Nebulizers for analytical purposes are known in the art; see for example the papers by Denton, et al, Analytical Chemistry, Volume 44, February 1972, pp 241 ff; by Chester, Analytical Chemistry, Volume 52, September 1980, pp 638 ff and 1621 ff; Denton, U.S. Pat. No. 3,866,831; Olson, et al, U.S. Pat. No. 4,109,863; and Smith, Jr., et al, U.S. Pat. No. 4,361,401. Such nebulizers convert a liquid, for example, a liquid chromatography effluent, into an aerosol that is supplied to a gas-type detector, such as a flame photometric detector. One general prior art type of nebulizer is characterized as a pneumatic nebulizer wherein a liquid to be nebulized is shattered into droplets by supersonic gas flowing through an orifice. The orifice may be of the Venturi-type wherein liquid is sucked into a nubulizing region by a Bernoulli effect. Alternatively, the orifice can be of the Babbington-type wherein liquid is pumped across a nebulizing orifice. Another prior art nebulizer is an ultrasonic bath nebulizer wherein a volume of liquid is maintained in the nebulizer and nebulization occurs from the liquid surface. An additional prior art nebulizer is characterized as a flow nebulizer wherein a liquid flows onto a vibrating surface. A further type of prior art nebulizer includes a single droplet generator wherein the liquid to be nebulized is pumped through a vibrating capillary tube. The flow nebulizers are generally characterized by metal longitudinal or flexing oscillators or a glass surface covering a piezoelectric crystal, such as disclosed by Olson et al, or a glass or plastic diaphragm activated by coupling ultrasonic excitation through a liquid medium.

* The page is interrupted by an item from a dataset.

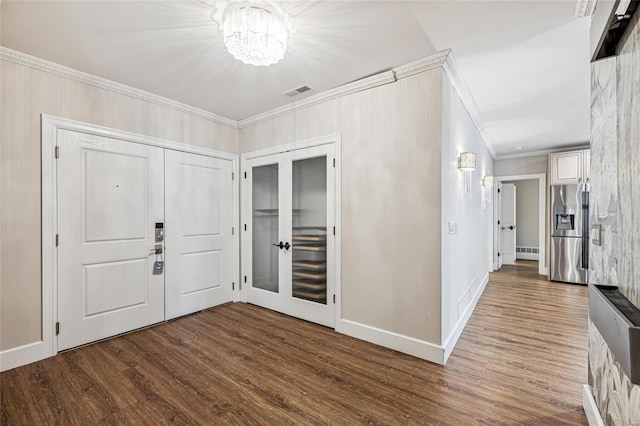 foyer entrance with dark hardwood / wood-style floors, french doors, and ornamental molding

Pneumatic nebulizers, as contrasted to ultrasonic nebulizers, produce aerosols containing a wide range of droplet sizes; some of the droplets have a relatively large diameter. Pneumatic nebulizers work well with relatively high gas and liquid flows on the order of 10 liters per minute of gas and one cubic centimeter per minute of liquid. The typical gas analyzer is incapable of adequately handling an aerosol resulting from this nebulization. The pneumatic nebulizers exhibit severe problems in manufacture and alignment if attempts are made to design them to provide gas flow rates to an analyzer of less than one liter per minute. The efficiency of aerosol production by pneumatic nebulizers is relatively low and the resultant mist has a low droplet density.
Bath-type ultrasonic nebulizers have a relatively large volume of in-transit liquid, which results in unacceptable loss of resolution of the output of a liquid chromatography column or flow injection analyzer. The unacceptable loss of resolution or band broadening occurs for liquid flow rates of less than or equal to approximately 1 cubic centimeter per minute.

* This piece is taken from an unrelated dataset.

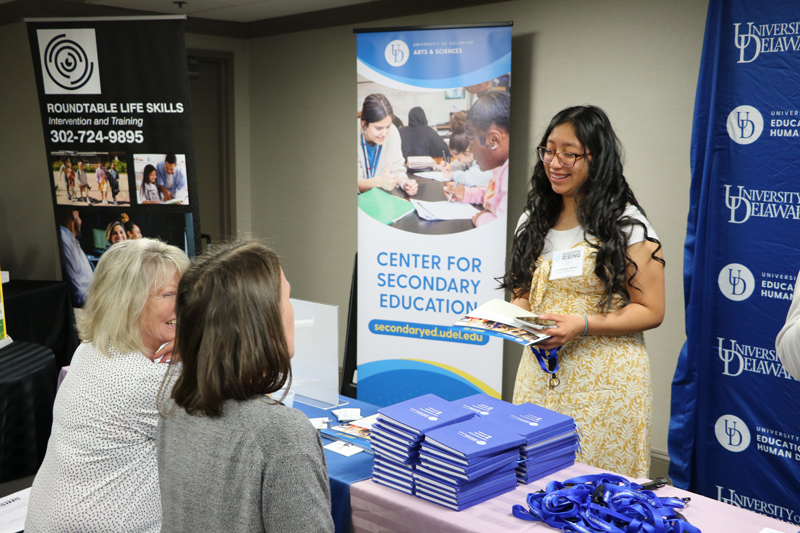 Vickie Lucas, CEHD senior academic advisor, and Kelsey Cummings, CEHD academic program manager, talk with a student interested in a teaching career at the Educators Rising conference. 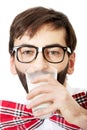 Man wearing suspenders drinking milk. Royalty Free Stock Photo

Ultrasonic nebulizers having flat crystals consume relatively large amounts of power, approximately 50 watts. This is undesirable because of the necessity to provide relatively expensive, complex and difficult to design amplifiers for radio frequency sources required to drive the piezoelectric crystal of such nebulizers. In the typical prior-art flat crystal ultrasonic nebulizer, the minimum achievable mixing volume is the volume of one liquid drop before nebulization, i.e., about 20 microliters. On the other hand, metallic resonators exhibit mechanical problems at frequencies above 100 KHz. Because drop size is related to oscillation frequency, with increasing frequency resulting in decreased drop size, such devices produce drops that are excessively large for many gas analyzers; the diameter of such drops is typically on the order of 50 microns.
Single droplet generators also produce aerosol drops having relatively large diameter and thus are incompatible with many gas analyzers. In addition, single droplet generators employ capillary tubes which are subject to plugging and therefore require extensive maintenance.
It is desirable in many analytical systems for a nebulizer to produce a dense aerosol of small, uniformly sized droplets from a liquid flowing at rates from 10 to 200 microliters per minute, as derived from a liquid chromatography column. The small, uniformly sized droplets must be capable of being mixed with a carrier gas having a flow rate as low as 30 cubic centimeters per minute. It is preferable for the nebulizer mixing volume to be on the order of 1 microliter so that the nebulizer can be used for supplying an aerosol from the effluent of a micro liquid chromatography column; such columns typically have an inner diameter of 1 millimeter. The low carrier gas flow, combined with a variable efficiency for the nebulizer, enables the aerosol to be supplied to a typical gas chromatography detector, such as a flame photometric detector, a flame ionization detector, or a mass spectrometer ion source. To minimize cost of the nebulizer, it is desirable for RF power supplied to a crystal to be minimized to a few watts. This enables amplifiers for supplying such power to be relatively low cost, and simple structures.
A further problem with prior nebulizers employing electric wave to pressure-wave transducers, e.g., piezoelectric crystals, is that such transducers have a tendency to change resonant frequency characteristics as a function of ambient conditions. In particular, as temperature changes, the resonant frequency of a piezoelectric crystal changes.